The early studies conducted by pioneering orientalists reveal that the first examples of the confusion related to Bayt al-Hikma resulted from the problems of editing Arabic manuscripts or translating specific Arabic words and terms that had no standard equivalents in the European languages. The first example of this confusion is found in Güstav Flügel’s 1858 edition of the Ottoman bibliographer and polymath scholar Katib Çelebi’s (d. 1657) hitherto unpublished famous encyclopedic bibliography Kashf al-Zunun. As quoted by Katib Çelebi from earlier biographic sources, the phrase about Salm, the head of the caliphal library known as the House of Wisdom, which in Arabic reads as “sahib Bayt al-Hikma”, was translated to Latin as “libri beit el-hikmet auctor”.1 Here Salm was introduced as the author of a book entitled Bayt al-Hikma. However, this misunderstanding did not last long because Flügel, in publishing al-Nadim’s Fihrist for the first time in 1871, corrected his mistake, and revised Bayt al-Hikma’s translation as a library and the term sahib as a librarian “bibliothecario oder bibliothecae beit el-hikmet dictae praefecto”.2

Moritz Steinschneider, in his leading study of the Arabic translations of Greek books, refers to Flügel’s mistake [which follows suit in Suter’s work]3 and confirms the information provided by al-Qifti (d. 1248) and Katib Çelebi about Salm and translations made by him.4 However, Steinschneider, while referring to Bayt al-Hikma as the “Institute of Sciences”, unintentionally opens the door to a very wide and long chain of speculations about the nature of this library.

Another interesting example of shifting the meaning of a word can be seen in the translation of the word ‘madrasa’, the main educational institution of the Islamic world, to European languages.
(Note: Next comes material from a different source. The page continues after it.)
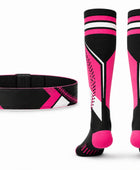 Custom Pink Softball Belt and Socks Set – Wholesale Team Uniform Accessories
Italian priest Toderini Giambattista (d. 1799) in his book on Ottoman Culture De La Litterature des Turcs translates madrasa as “Academy”. Meanwhile, German orientalist F. Wüstenfeld (d. 1899) who translated Ibn Schobba’s (d. 1448) Tabaqat al-Shafi’iyya which documents the life’s and works of early shafi’i scholars, also used the word “academy” as equivalent to madrasa.5

The minor shift in understanding and translation of available historical accounts have had serious effects on the building up of the image of the hitherto unknown institution called Bayt al-Hikma. Hence, Bayt al-Hikma came alive as a great institution of learning with multifarious functions in Carl Brockelmann’s first edition of Geschichte der Arabischen Literatur.6 First published in 1898, it would be for decades an indispensable reference for all scholars of Islamic and Arabic studies. In his account of the translation activity that was carried on during the reign of Abbasid Caliph al-Ma’mun, Brockelmann presented Bayt al-Hikma, which according to him was founded by the caliph, as an active institution of scientific pursuit including a library and an observatory headed by Salm who was practicing as translator from Persian to Arabic. Brockelmann repeats this version of Bayt al-Hikma in the 1937 edition of his Geschichte der Arabischen Literatur7 “in Baghdad al-Ma’mun founded the Bayt al-Hikma which also housed a library and observatory”. This statement constitutes the main source for the image of an institute of science that includes many subsidiary departments for different scientific pursuits. It is rather paradoxical to mention that it was Brockelmann in his other studies, who sufficed himself with the real identification of Bayt al-Hikma as a court library founded by al-Ma’mun where he treasured books of Islamic and foreign cultures.8

Brockelmann drew the information about the translation of books in the early Abbasid period from Steinschneider, who did not suggest any of the new elements put forward in the expanded image of the House of Wisdom. Since none of the few references in the primary sources, however slight, conjectured in this context, it may be concluded that the source of such an image was probably due to the misunderstanding and confusion of references about the scholars, who were under the patronage of al-Ma’mun and involved in the translation activities and the Shamsiyah observatory, as will be explained in more detail below.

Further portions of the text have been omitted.